Following on from the deserted village, there is another side to Ma Wan. As part of the urban development, a park was created on the island for the benefit of everyone along with a ‘tourist attraction’ (I use the term loosely) called Noah’s Ark.
I didn’t take any photos of the ark, but it really is a life sized replica of the fabled ark Noah built in the bible. The top floor is a hostel while the rest is part of an attraction dedicated to the story of Noah’s ark. We didn’t go into the ‘tourist attraction’ side of the ark; my kids might like people dressed as Disney characters but they really aren’t amused by fake animals standing dull and lifeless in front of a giant boat. Besides which, Ma Wan had so much more for them to see and do that we simply didn’t have time.

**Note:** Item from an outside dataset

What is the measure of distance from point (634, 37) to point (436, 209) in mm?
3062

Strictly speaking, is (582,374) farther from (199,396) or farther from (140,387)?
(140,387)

While on the topic of Noah’s Ark, we stayed at the hostel and I have to say I was very impressed. Rooms sleep up to 8 people in bunks with 2 bathrooms for each 8 bed room. It was comfy and functional and very reasonably priced. The breakfast wasn’t very flash, but given the tag ‘hostel’ the fact we got any breakfast at all was somewhat of a bargain. The room service for dinner was very impressive – I would rate it as good as a 3 star hotel. So if you are going to Ma Wan, consider staying overnight.
Check it out! How cool does that bridge look at night?
Unfortunately my proper camera ran out of battery and ditzy me didn’t pack the charger so I wasn’t able to do the view justice. This picture is taken with my iPhone, which sadly doesn’t do so well with night shots.
Ma Wan Park is directly opposite Noah’s Ark and free for the general public to explore most days.
We had joined a group from the kids school to take part in some organised activities within the park. This gave us exclusive access to an area called the Adventure Park. It was a large confidence course with various challenges for the children (and adults) to overcome. There was balance, endurance, strength, and height activities.
Mitchell’s initial apprehension quickly disappeared as he realised he could climb through netting like a monkey. His self-confidence was immediately boosted and we ended up having to drag him away from the net climbing components of the course when the day was done as he couldn’t get enough of going through it again and again teasing us from overhead with his laughter.
Unfortunately at the moment this area is only offered with Cantonese instruction – fine for us because when the kids didn’t understand the guide daddy was there to translate, but a shame not everyone can enjoy this area like we did.
The rest of the park is a mish-mash of more modern gardens designed to stimulate curiosity and conversation. There were areas perfect for that magical wedding, terraces full of stone garden creatures, interesting artwork combined within the gardens and a seemingly out of place Australian garden area complete with topiary kangaroos.
As odd as it sounds, the whole park was one of intrigue to explore and we enjoyed walking the trails discovering the oddities within the green foliage. The kids even got to see some of the wildlife in their wanders (like real live geckos) to add to the interest. I’m lucky my sprogs are so naturally curious that they love the chance to explore and inquire in locations like this so for us, parks are always a fun experience. One thing I should point out is that there aren’t any playgrounds in this park – it is gardens, and while there are elevated walkways through the park I wouldn’t take a stroller up the tracks.
The best spot in the park was at the summit of the hill in the middle of the gardens where a giant sculpture (it’s a bird, but you can only see that from the sky) fans out.
The view of Lantau is stunning. We were fortunate enough to be there at sunset to take full advantage of the beautiful view. If planes are leaving in the right direction you can even get a shot of them taking off above the sunset like I did (although once again this is only an iPhone photo).
Park Island (Ma Wan) is worth the ferry ride for a day of exploration. To get there catch the ferry from Central Pier #2 to Park Island. Ferries depart every 15 minutes to 1/2 hour depending on the time of day and the island is only 20 minutes away from Hong Kong Island.